Dans Una mujer fantástica du Chilien Sebastian Lelio, la jeune maîtresse transgenre d’un homme d’âge mûr, brusquement victime d’un AVC, doit lutter contre les préjugés et même les agressions pour avoir le droit à faire son deuil. Le rôle est magnifiquement tenu par Daniela Vega, également née dans un corps d’homme.

Timothy Spall, Cillian Murphy, Emily Mortimer et Patricia Clarkson dans « The Party »

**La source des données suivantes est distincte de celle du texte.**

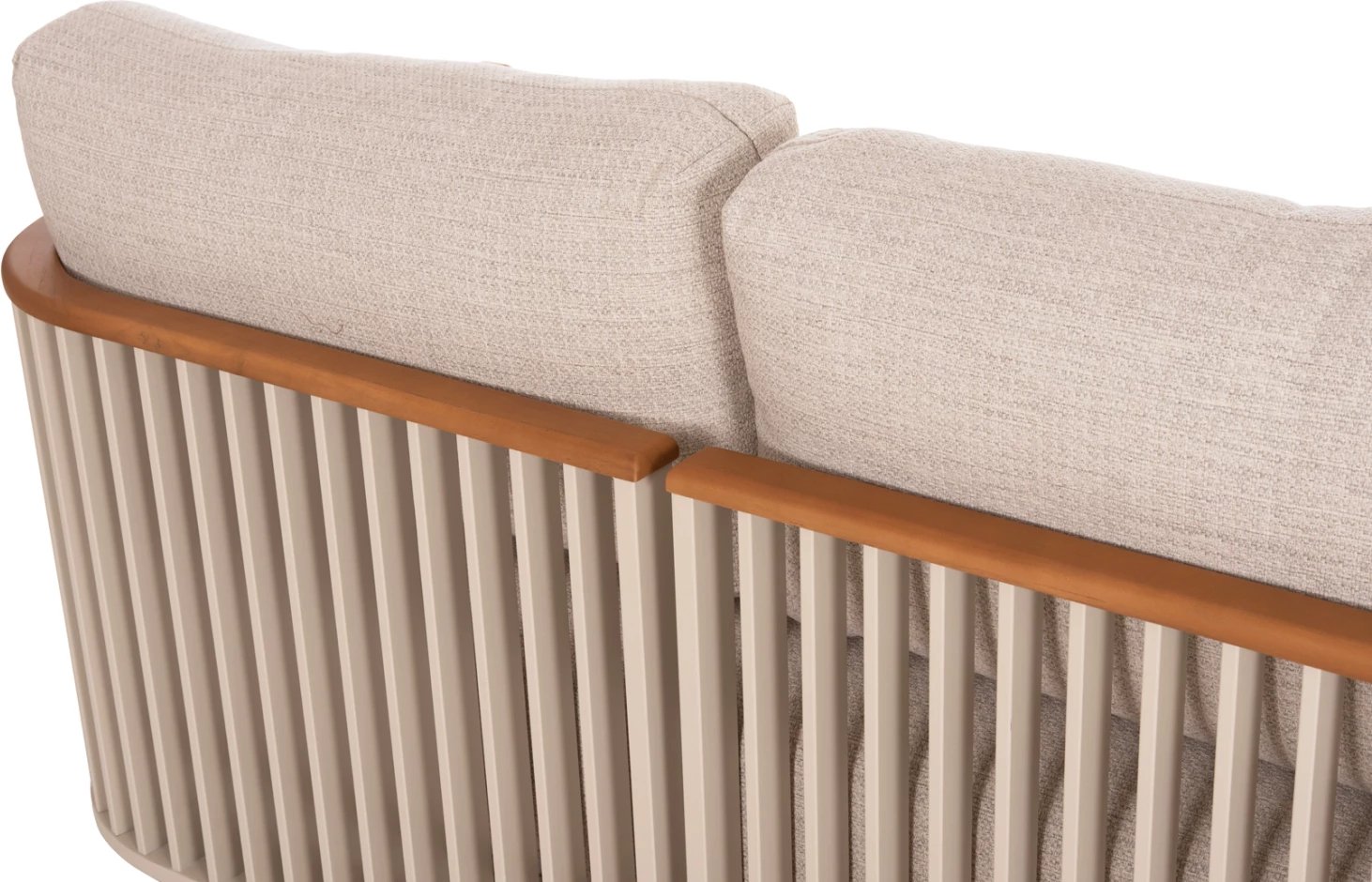 Set salloni për jashtë, 4 pjesë, kornizë alumini, ngjyrë krem, jastëkë bezhë, mbështetëse teak, tavolinë me sipërfaqe guri të sinterizuar, Candeo ETERNITY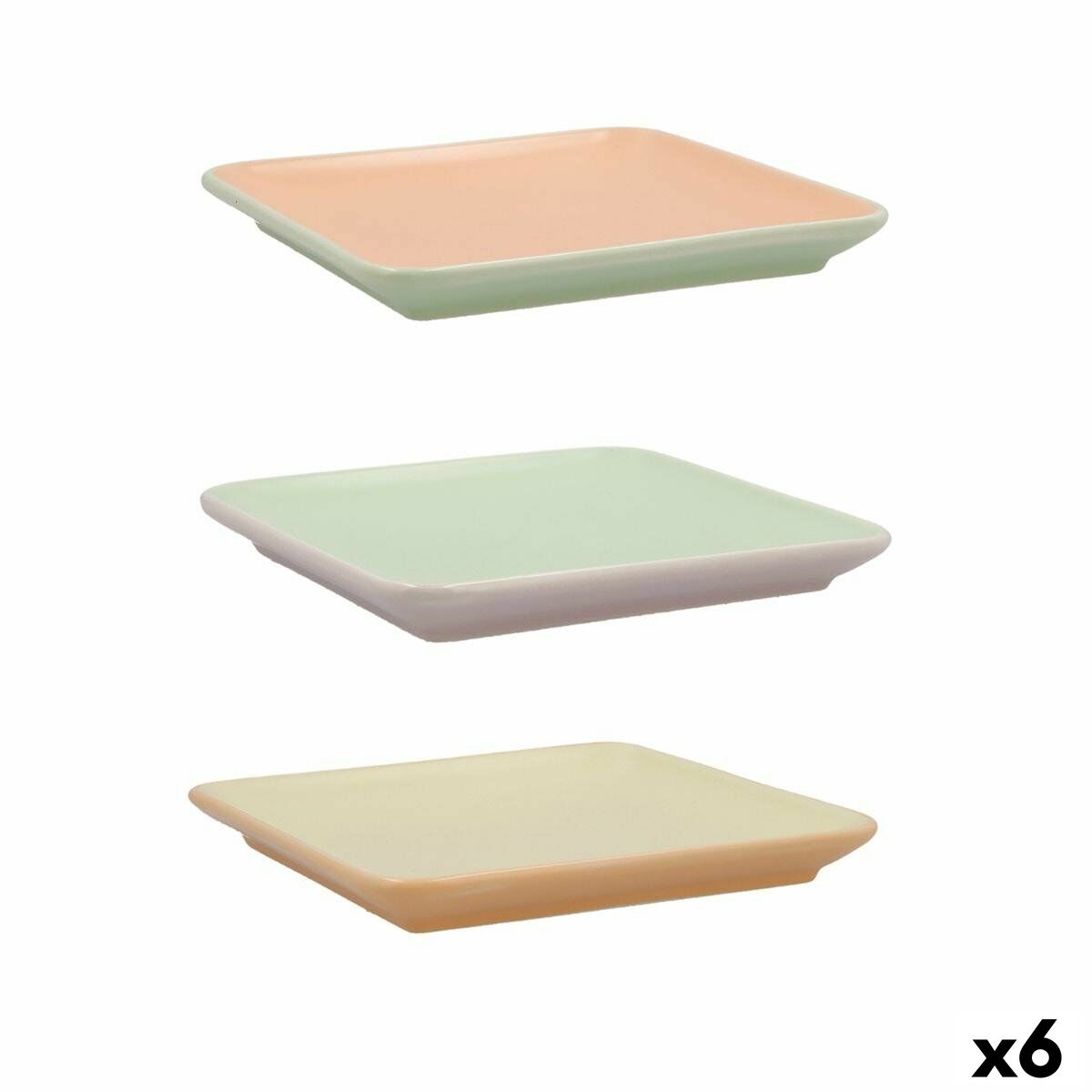 Quid Vitamin Bicolor Ceramic Snack Tray 15 x 15 cm (6 Units)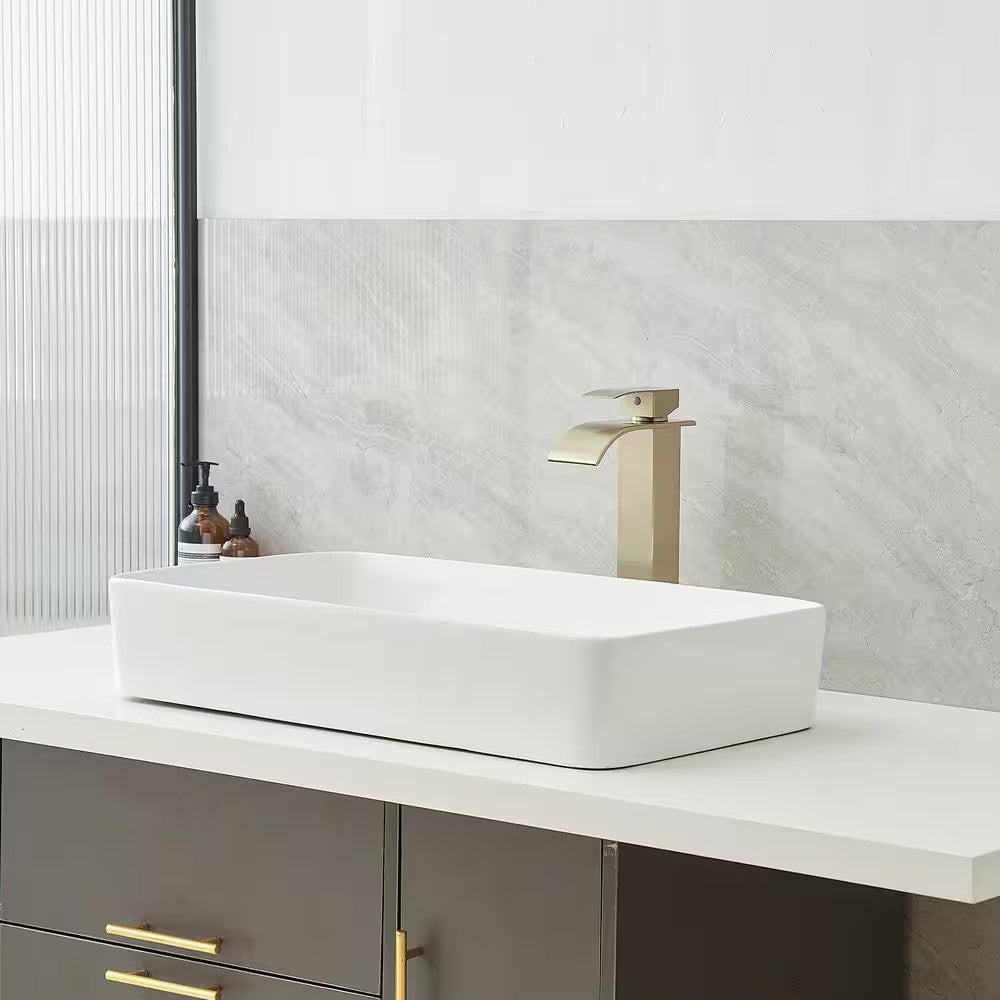 BWE Waterfall Single Hole Single Handle Bathroom Vessel Sink Faucet Brushed Gold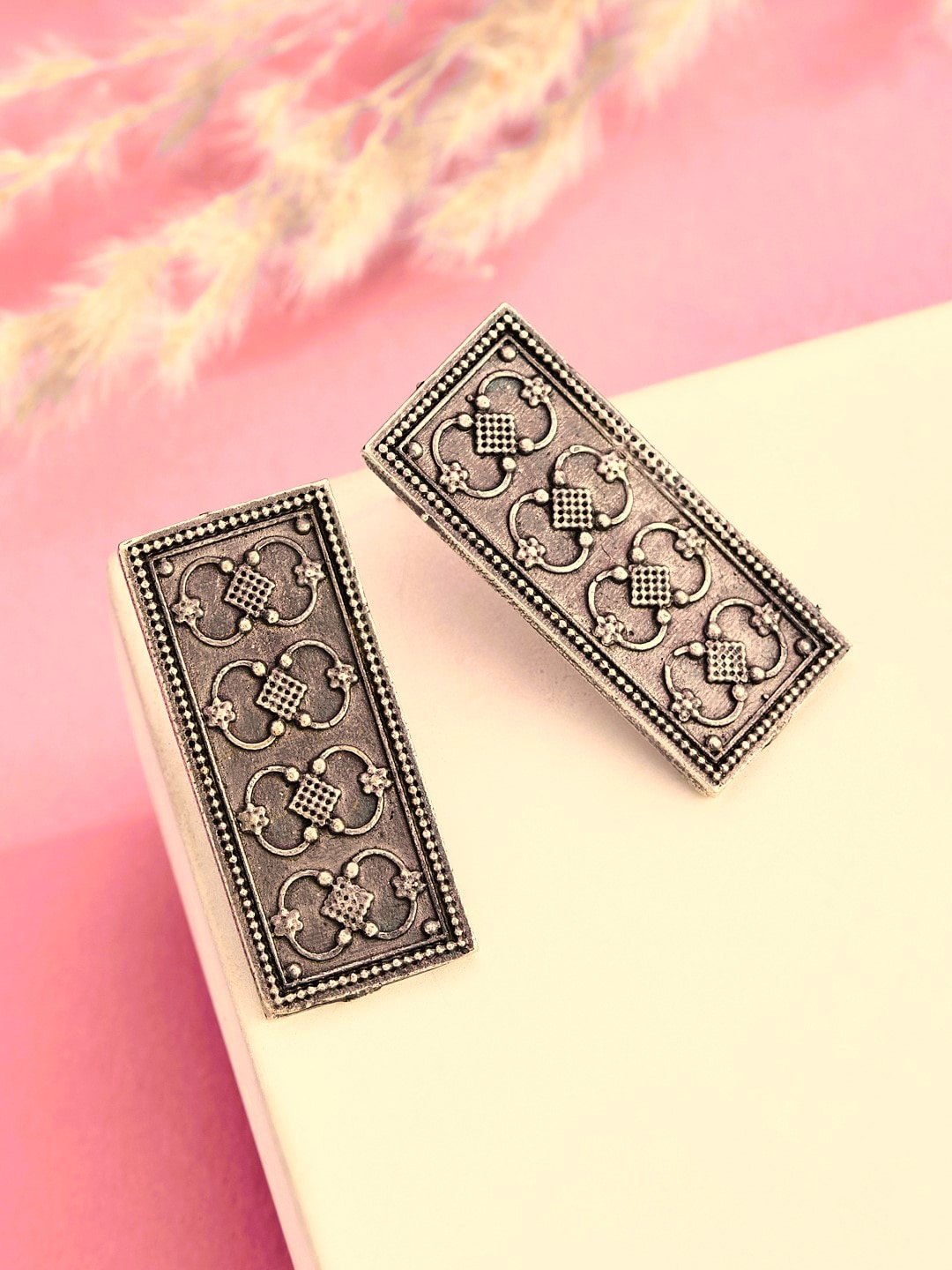 

ATIBELLE German Silver Silver-Plated Geometric Shaped Drop Earrings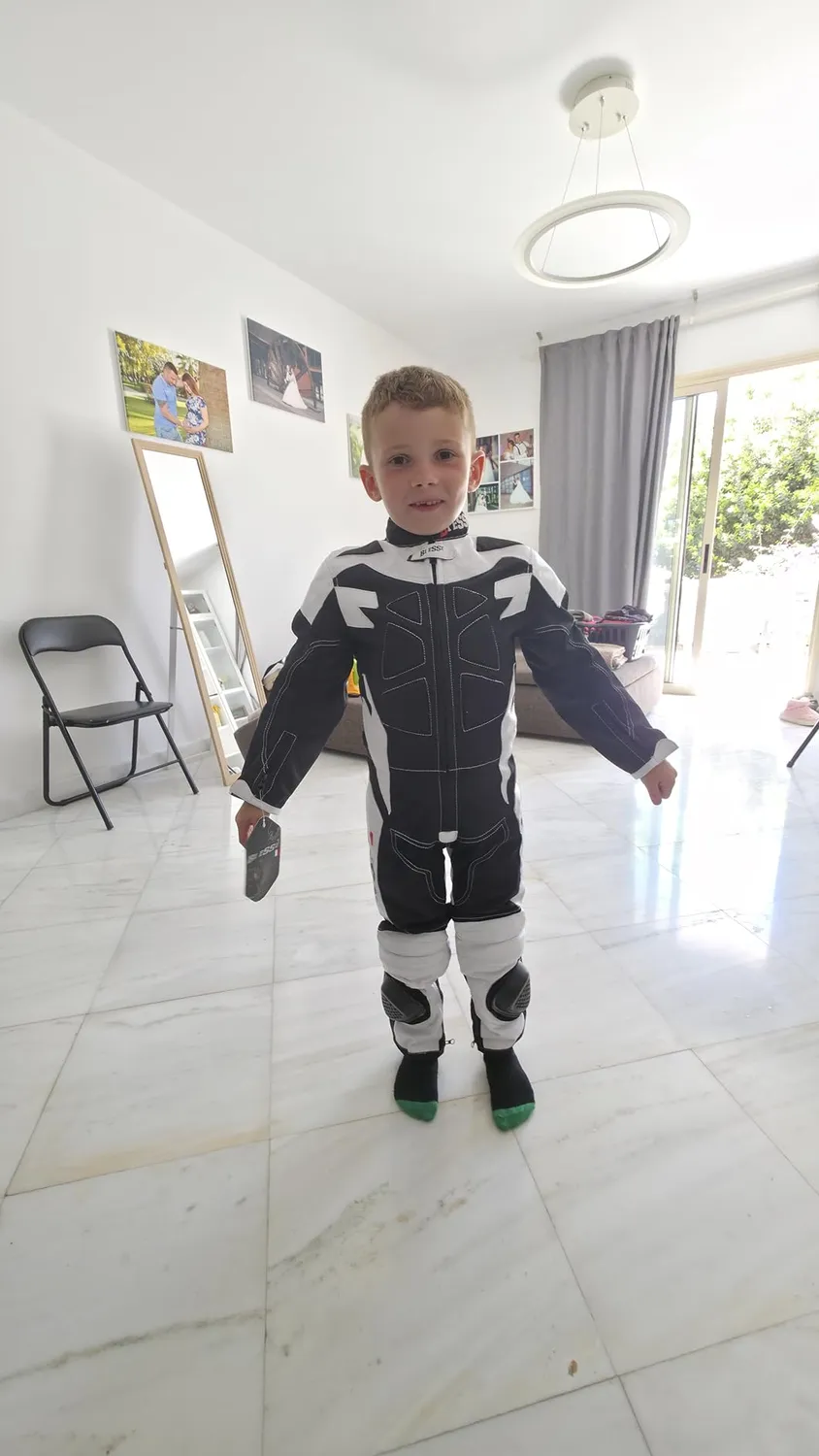 Bi Esse Tuta Minimoto Pelle Bambino XS 7 Anni Nero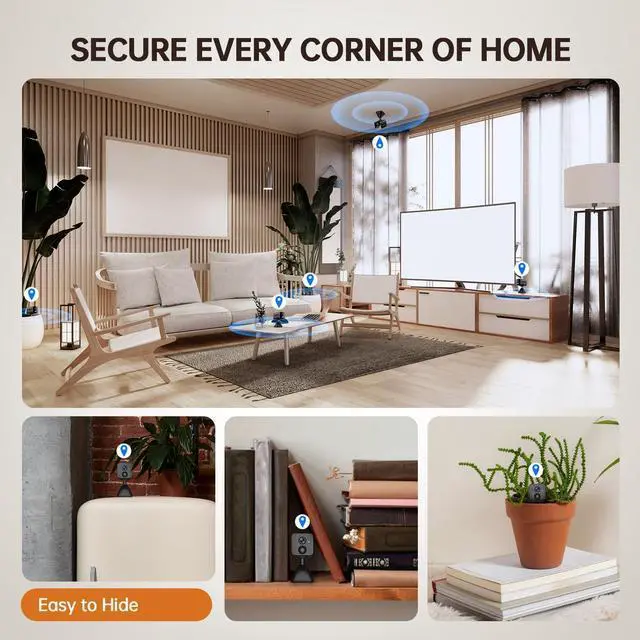 Alt view image 3 of 7 - Hidden Camera  2K HD Wireless Spy Camera with Audio/Video, Mini Indoor Camera for Home Security, AI Motion Detection, Night Vision, Built-in Siren, Two-Way Audio, 60-Day Battery Life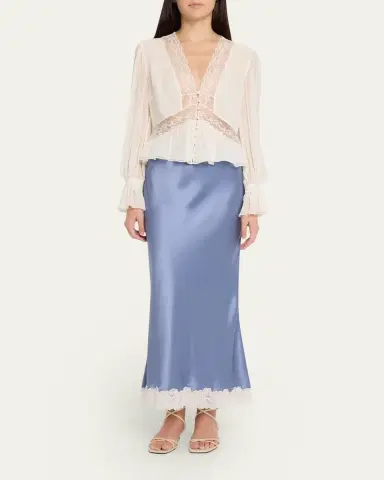 LoveShackFancy Janella Lace-Hem Silk Maxi Skirt | Thumbnail 2 LoveShackFancy Janella Lace-Hem Silk Maxi Skirt | Thumbnail 2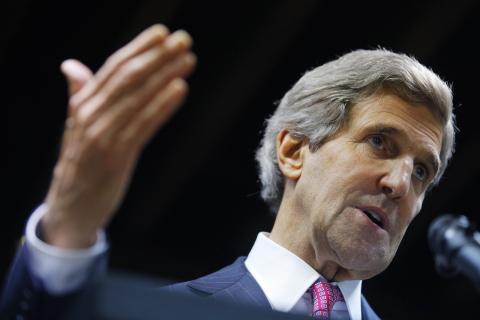 U.S. Secretary of State John Kerry speaks during a joint news conference with Philippines' Foreign Secretary Albert del Rosario at the Department of Foreign Affairs in Manila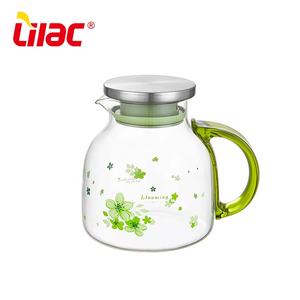 Lilac bsci LFGB 1500มล. 2000มล. เหยือกแก้วเครื่องดื่มชาเย็นขนาดใหญ่เหยือกแก้วที่มีฝาปิดและที่จับ - Product Image 2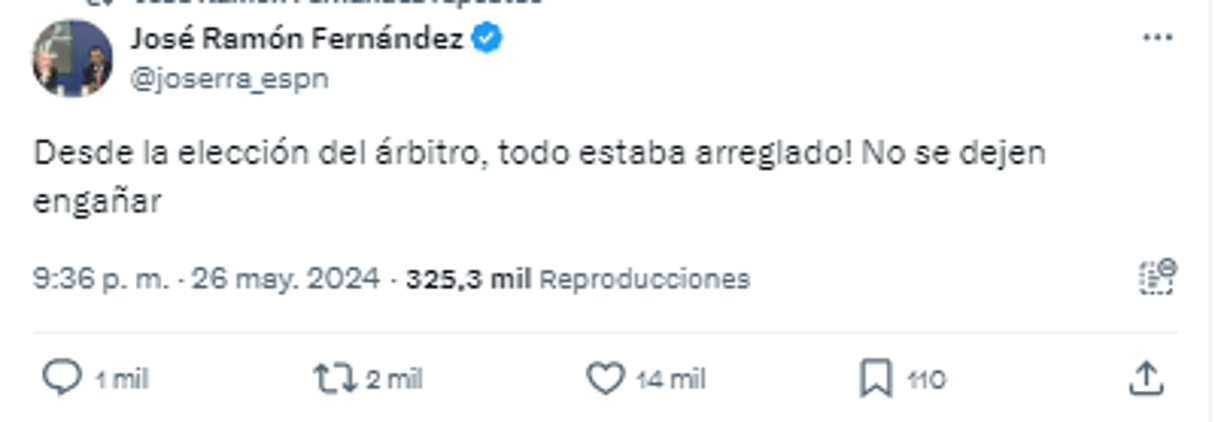 “Desde la elección del árbitro, todo estaba arreglado! No se dejen engañar”, José Ramón Fernández de ESPN.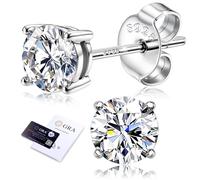 Dochais Orecchini Moissanite Donna Uomo Argento Sterling 925 Orecchini Brillante Taglio Rotondo D Colore VVS1 Orecchino Oro Bianco 18K Placcato Diamante Ipoallergenici Gioielli Regali 4.5MM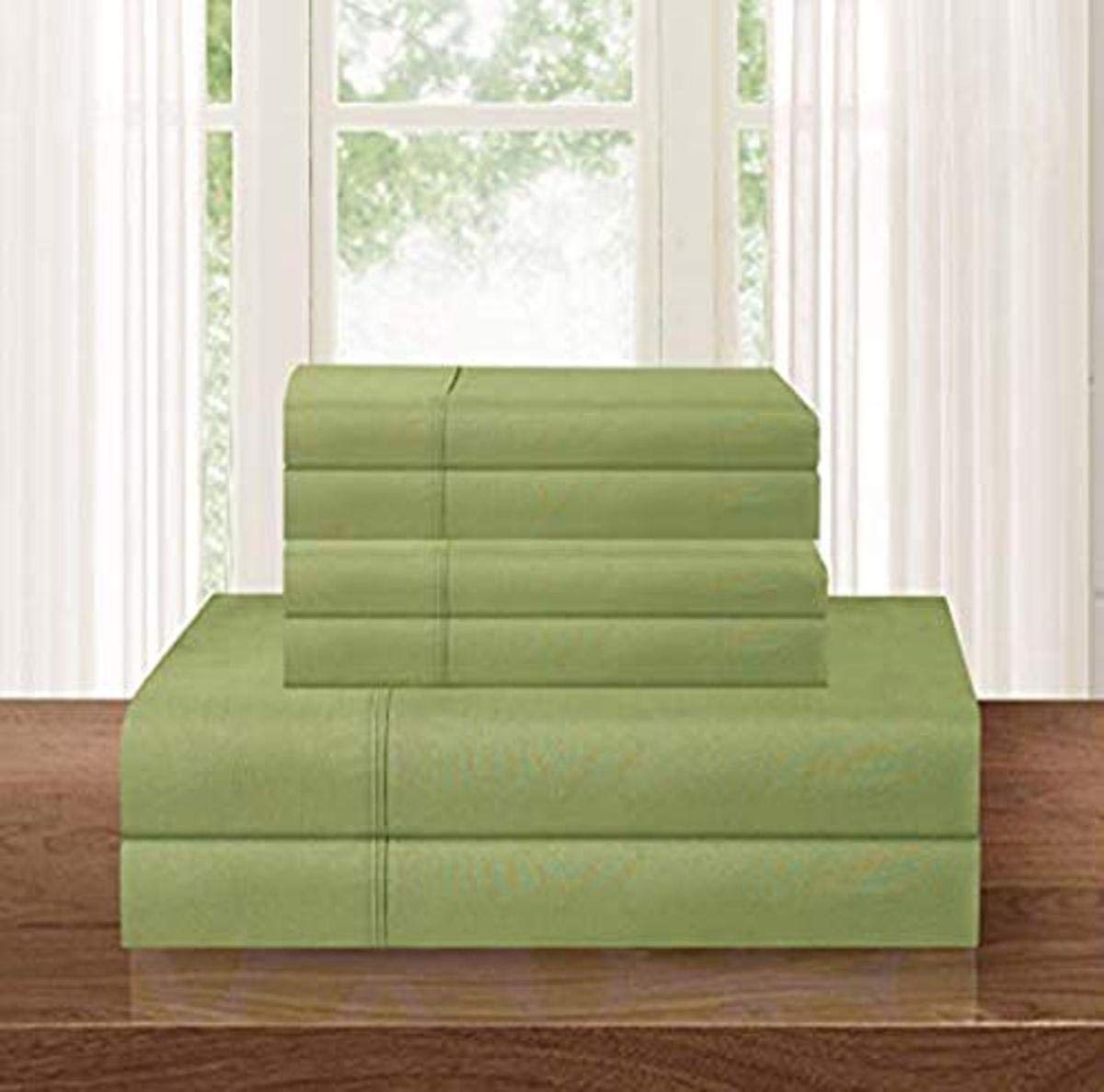 Elegant Comfort Luxury Soft 1500 Premium Hotel Quality Microfiber Wrinkle and Fade Resistant Cozy 6-Piece Bedding Set, Easy All Around Elastic Fitted Sheet, Deep Pocket, King, Sage/Green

The Party montre que la Britannique Sally Potter n’a pas encore pris sa retraite à 67 ans. Son nouveau film, qui se déroule comme El Bar (voir ci-dessus) en temps réel, réunit 2 couples hétéro, 1 couple de lesbiennes et un mari sans son épouse (qui s’avérera d’une importance capitale) qui fêtent la nomination de leur hôtesse comme ministre dans le gouvernement d’opposition de Sa Majesté. Lorsque le mari de la ministre sort de sa torpeur initiale pour donner deux informations cruciales, il déclenche un jeu de massacre verbal truffé de dialogues percutants, d’humour vache et de réflexions acides, qui fait voler en éclats les liens d’amitié et de confiance. Le scope et le somptueux noir blanc accentuent le décalage par rapport aux gentilles conventions sociales qui subissent ici un assaut de taille. À 71 minutes et avec sept acteurs fabuleux, parmi lesquels Bruno Ganz en aromathérapeute teuton, le film se déguste comme une friandise.